Other Personnel

Vinod Kone (Ph.D. Student)

AirLab Introduction

Accurate wireless measurements are not only critical to the sustained growth of deployed wireless networks, but also the successful proposal and development of innovative technologies to address their shortcomings. Because of the significant effort required to deploy wireless networks and obtain reliable and repeatable measurements, however, currently available wireless traces are severely lacking in both breadth of environments and consistency in methodology.

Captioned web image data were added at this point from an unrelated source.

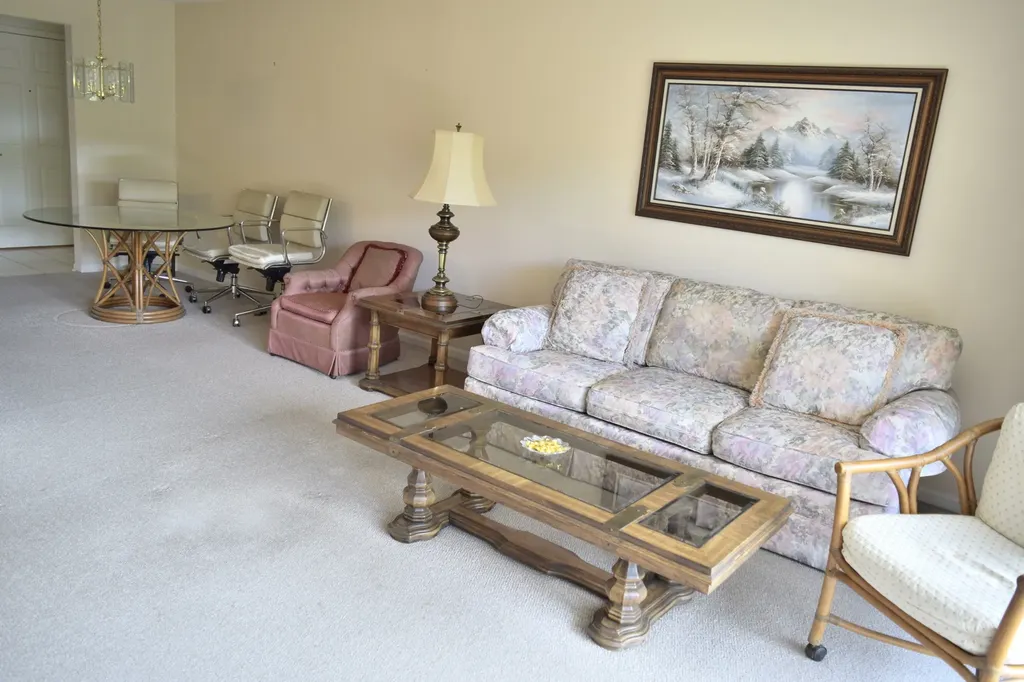 3940 West Bryn Mawr Avenue Chicago IL 60659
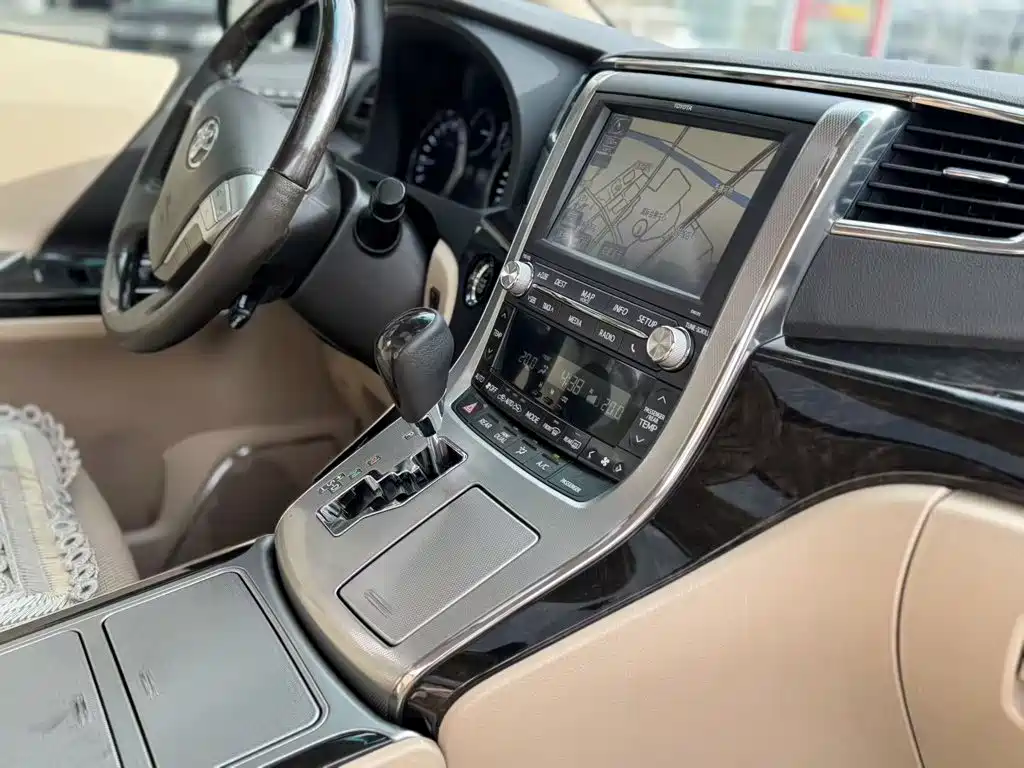 Toyota Alphard 2014 — фото 10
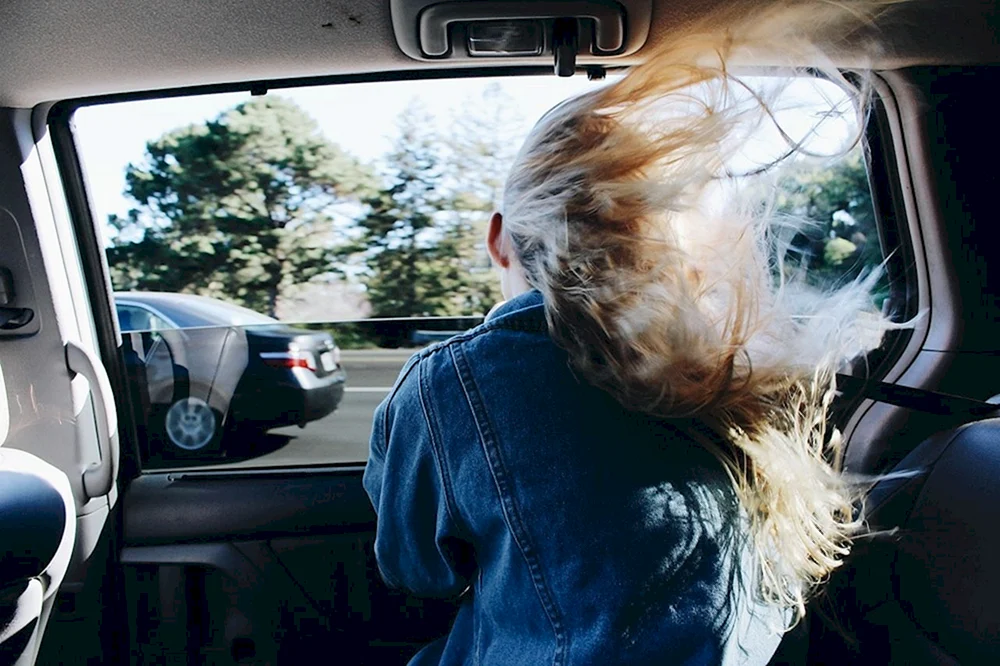 Blondine im Auto
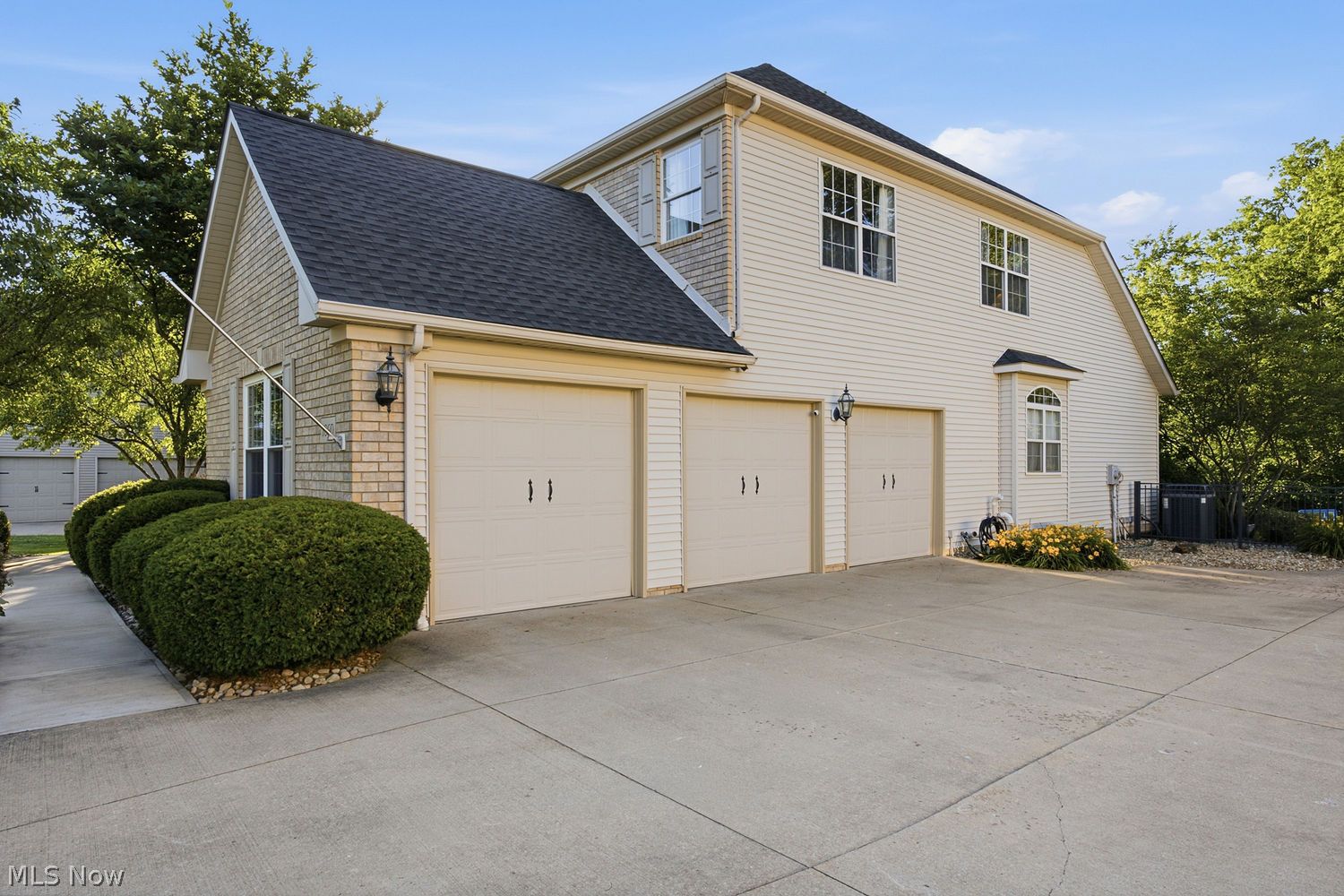 1060 W Parkway Boulevard Aurora OH 44202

While significant progress has been made in improving the availability of wireless traces, such as, for instance, through the CRAWDAD data repository, the usability of these data sets is still
fundamentally limited by the lack of consistency across traces in both measurement parameters and methodology.  For researchers wanting to confirm the validity of an observation based on local measurements, it is extremely difficult or impossible for them to locate another measurement, collected in a similar way on a similar network. Even if they manage to locate such a trace, it is likely that the desired metric of interest is missing from the second trace, thereby preventing any meaningful cross-comparison of network deployments. As a result, researchers must make observations and design network solutions based on datasets with limited scope.  This makes the broad applicability of these solutions difficult to confirm.

To facilitate meaningful analysis of wireless networks, we need a way to collect measurement traces across a wide variety of network deployments,  using a consistent set of measurement metrics. Distributed multi-faceted data collection will provide multiple viewpoints for the same network, while consistent metrics across environments and datasets will increase confidence
and reliability of research observations, and provide opportunities for cross-correlation of observed network phenomena.